Task objective: Begin at the line below that has "Poster mengenai pelanggaran HAM di Jakarta". Stop after the line that has "Moradores de Califórnia", repeating each line exactly and leaving out the pictures.

Input for this task:

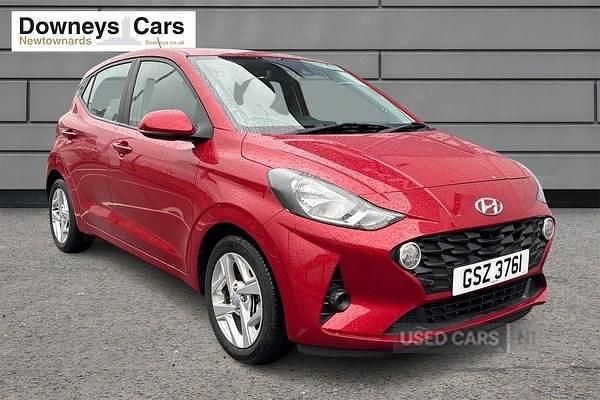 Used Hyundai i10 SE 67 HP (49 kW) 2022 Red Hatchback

==

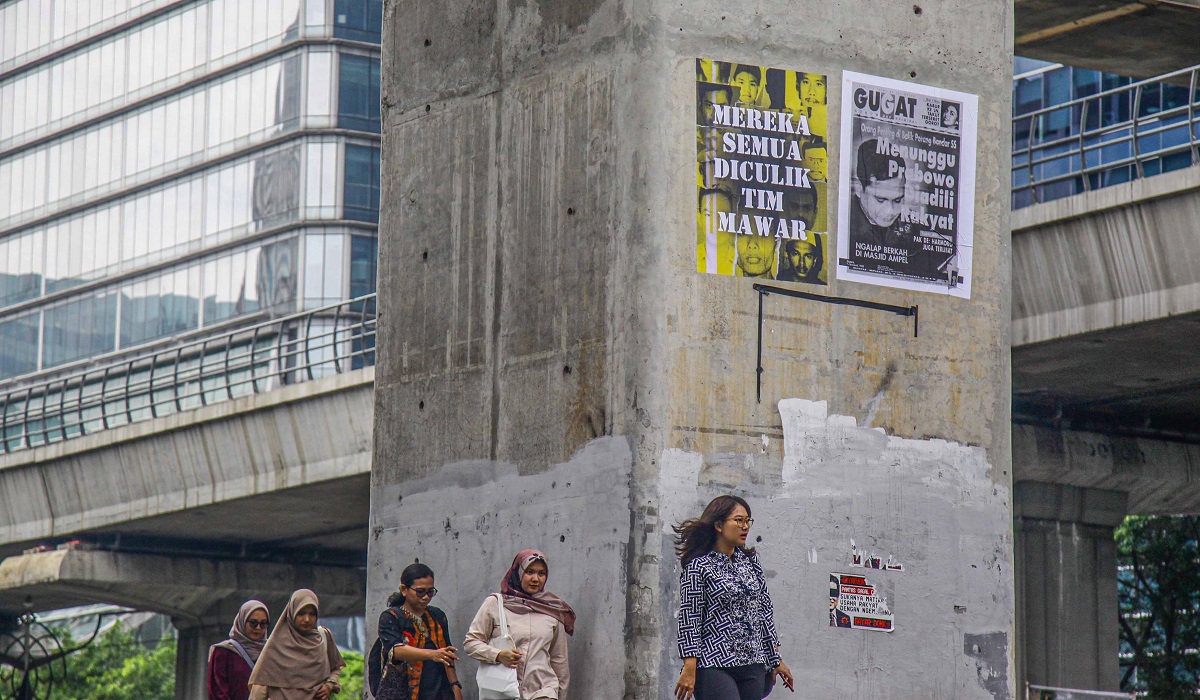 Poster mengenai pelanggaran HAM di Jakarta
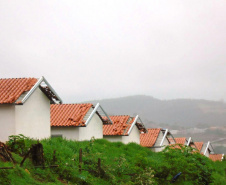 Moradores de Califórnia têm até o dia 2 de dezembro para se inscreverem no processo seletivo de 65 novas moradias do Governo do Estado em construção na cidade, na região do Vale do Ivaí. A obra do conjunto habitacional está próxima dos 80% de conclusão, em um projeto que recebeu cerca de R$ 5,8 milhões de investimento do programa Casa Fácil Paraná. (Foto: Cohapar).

Finished exercise:
 Poster mengenai pelanggaran HAM di Jakarta
 Moradores de Califórnia têm até o dia 2 de dezembro para se inscreverem no processo seletivo de 65 novas moradias do Governo do Estado em construção na cidade, na região do Vale do Ivaí. A obra do conjunto habitacional está próxima dos 80% de conclusão, em um projeto que recebeu cerca de R$ 5,8 milhões de investimento do programa Casa Fácil Paraná. (Foto: Cohapar).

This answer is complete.